**Prompt:**
Would you copy exactly the lines in the data below from the one that has "Please be aware" through the one that has "Is there anyone", dropping any pictures?
═════ Recorded data ═════
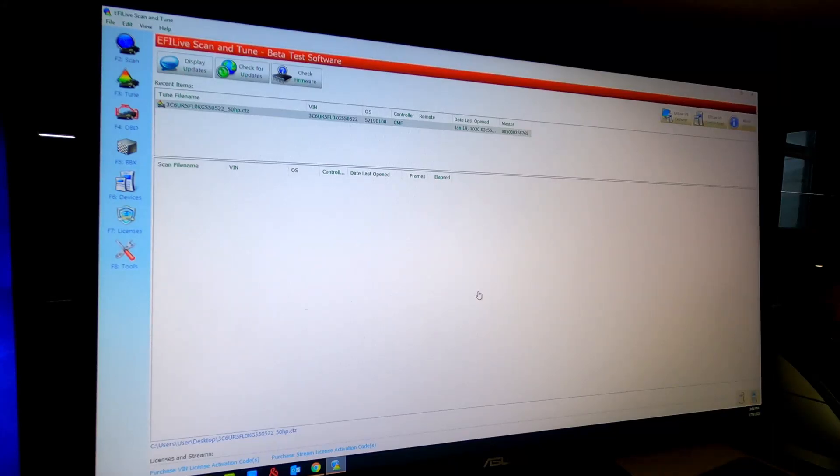Hello, Ryan from Tune My Truck. Today we're going to go over a couple things on the 2019 Cummins. First thing is how to load a file onto your supplied FlashScan or AutoCal V2. We have the beta version 2.25 up and running. We're going to show you how to license an AutoCal if you do not already have the licensed AutoCal, or linked as most people call it.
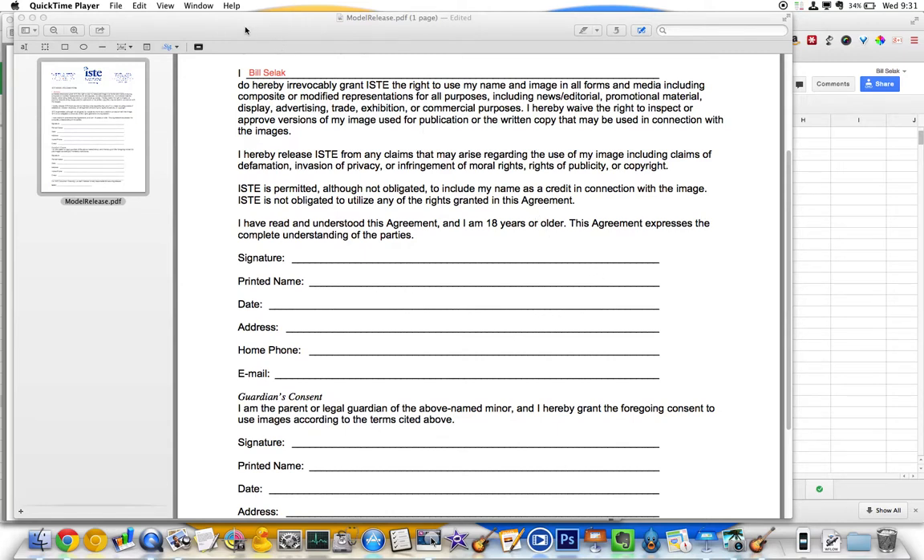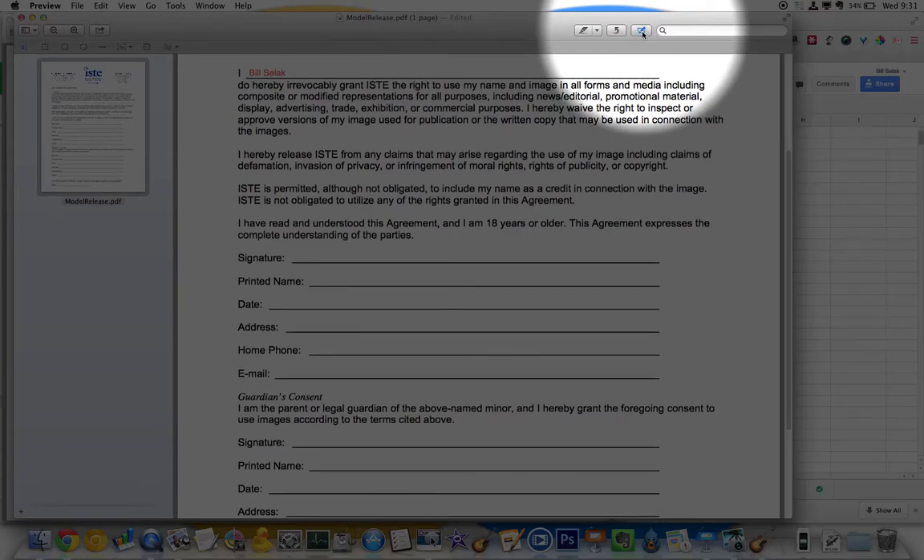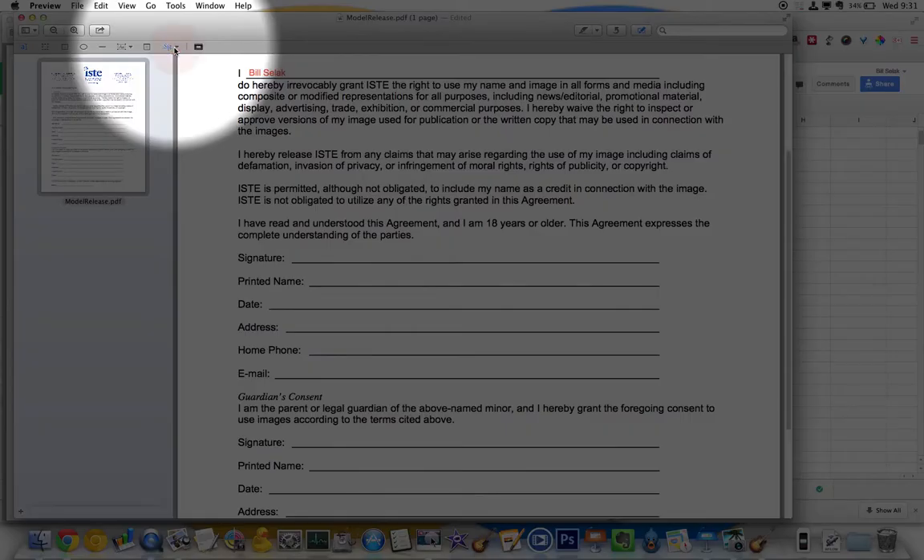Let me show you how to sign a PDF inside of Preview. This little guy here is going to pull up a whole bunch of tools. I'm going to come over to Signature.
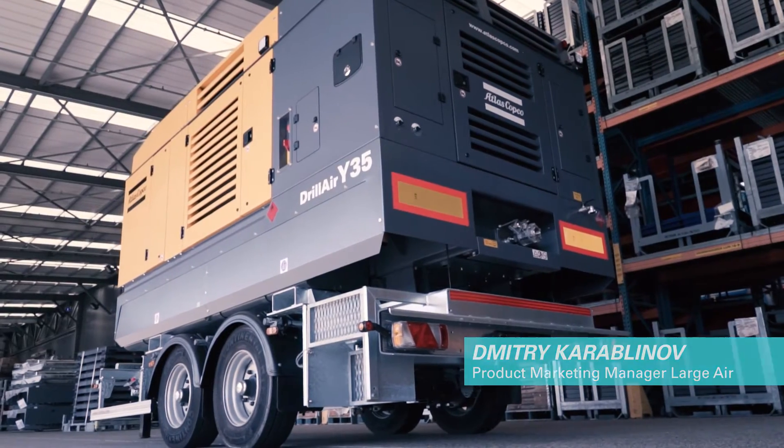Hello everyone, my name is Dimitri Karablinov. I'm product marketing manager responsible for the relay range. In this video tutorial, I'll explain to you the relay range, how to use Driller Expert, and how to set up parameters to get the most out of the drill air performance.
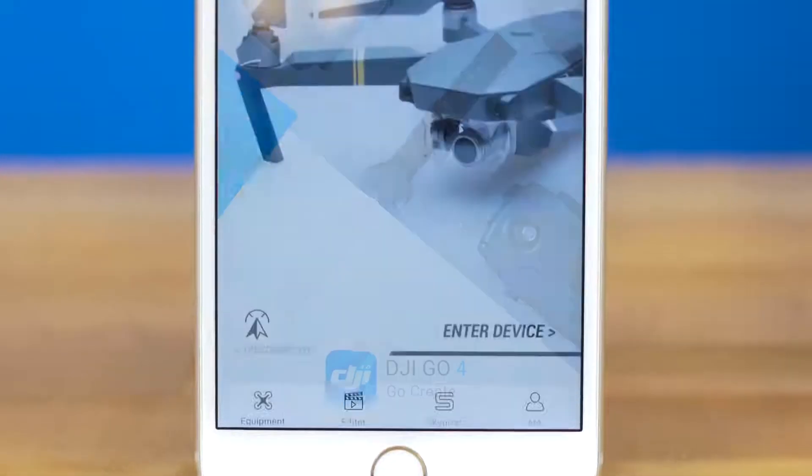Hi, I'm Avery and you're watching DJI Tutorials. In this video, I'll show you how to adjust the camera gimbal settings on the Mavic Pro in the DJI GO 4 app.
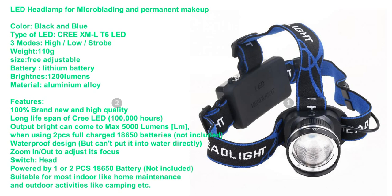Long lifespan of pre-LED: 100,000 hours. Output can reach a maximum of 5000 lumens when using two fully charged 18650 batteries (not included). Waterproof design, but cannot be submerged directly in water.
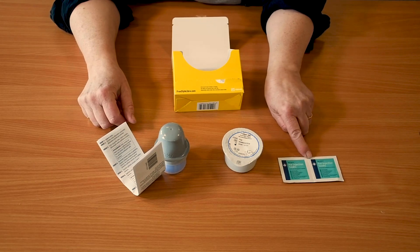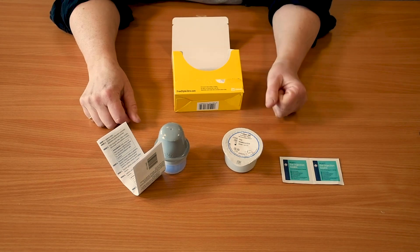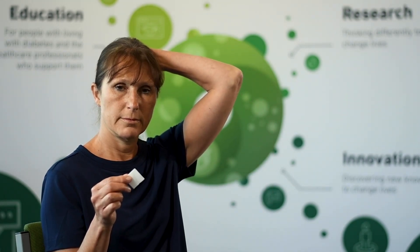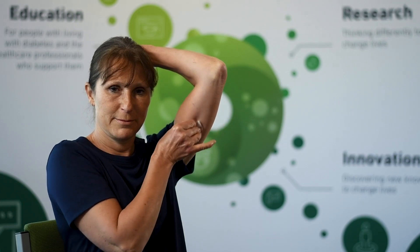Please be aware that you need to make sure the area dries before you apply the sensor. Take your wipe, open it, and clean the area where you are going to apply the sensor. The best way to do this is to put your hand on your head for the arm you are going to be using, then swipe that outer area with the wipe.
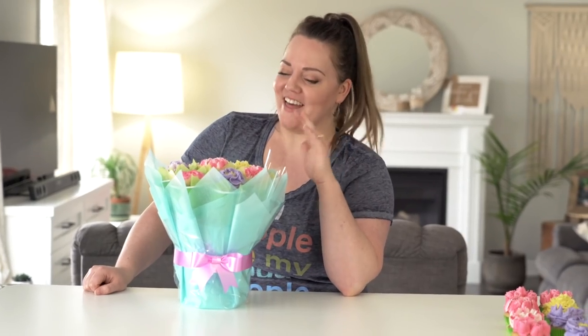That turned out so much better than I thought it was going to — I am obsessed! Happy Mother's Day to all you moms out there. I know everyone's stuck at home quarantining and maybe you can't see your mom, but if you can't, do a porch drop-off or send her a letter and try to do something nice. Thank you again to Sensodyne for sponsoring this video — I'll see you guys next time!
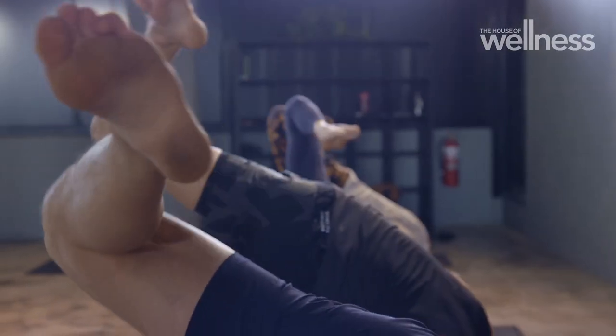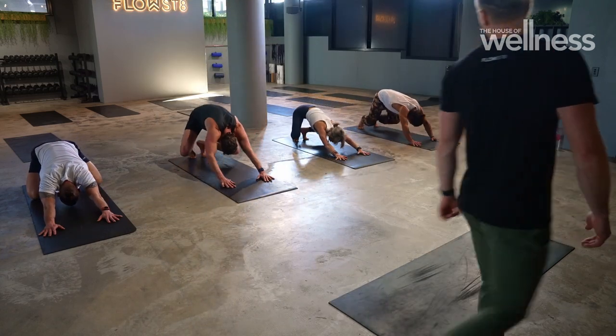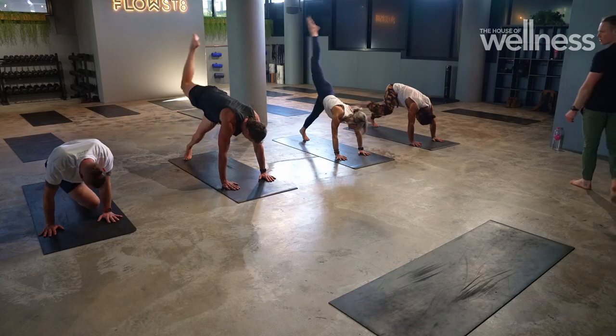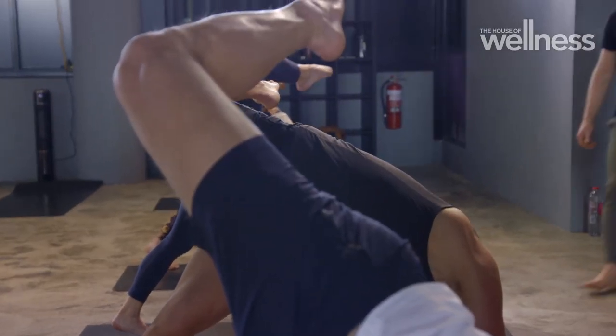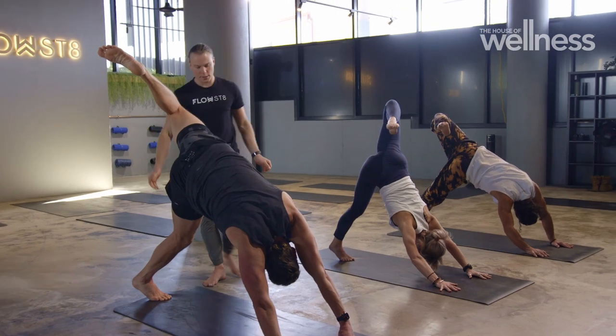Is there anyone Animal Flow might not be suitable for? If anyone's got a specific ailment or injury such that they can't take heavy load on their wrists or ankles — just because we are taking our joints through multiple planes of movement, you're probably going to expose that and it can get quite wrist heavy. So just make sure your wrists are strong and in a good position to move.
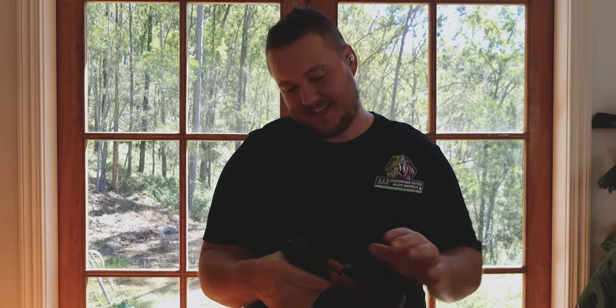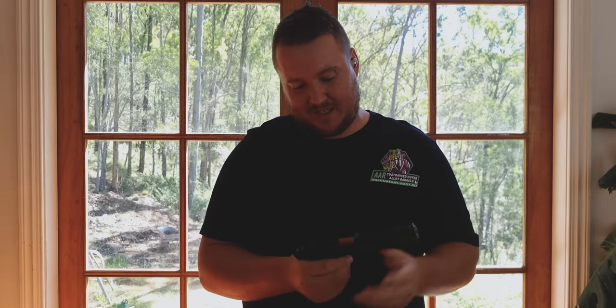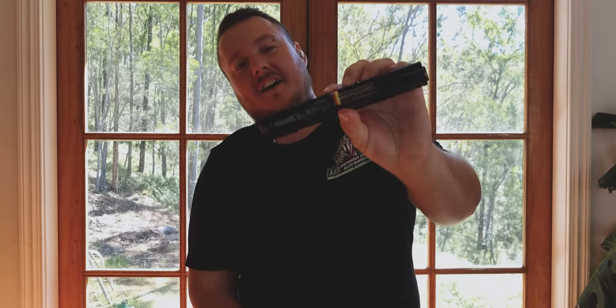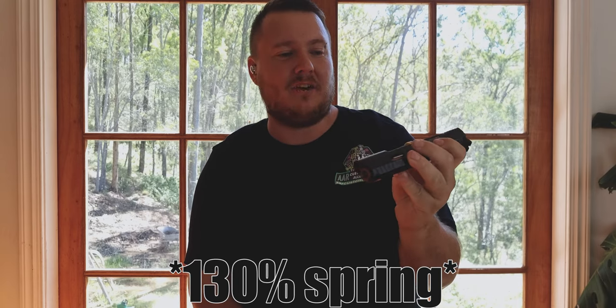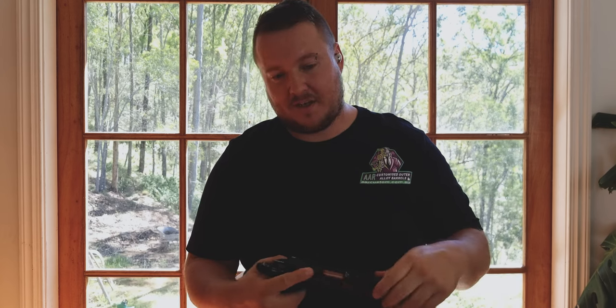That's from me short-stroking it. I've installed a 130% spring on that and short-stroking it, but the return spring is enough. Future video — keep an eye on that one.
═════
**The answer:**
Please be aware that you need to make sure the area dries before you apply the sensor. Take your wipe, open it, and clean the area where you are going to apply the sensor. The best way to do this is to put your hand on your head for the arm you are going to be using, then swipe that outer area with the wipe.
That turned out so much better than I thought it was going to — I am obsessed! Happy Mother's Day to all you moms out there. I know everyone's stuck at home quarantining and maybe you can't see your mom, but if you can't, do a porch drop-off or send her a letter and try to do something nice. Thank you again to Sensodyne for sponsoring this video — I'll see you guys next time!
Is there anyone Animal Flow might not be suitable for? If anyone's got a specific ailment or injury such that they can't take heavy load on their wrists or ankles — just because we are taking our joints through multiple planes of movement, you're probably going to expose that and it can get quite wrist heavy. So just make sure your wrists are strong and in a good position to move.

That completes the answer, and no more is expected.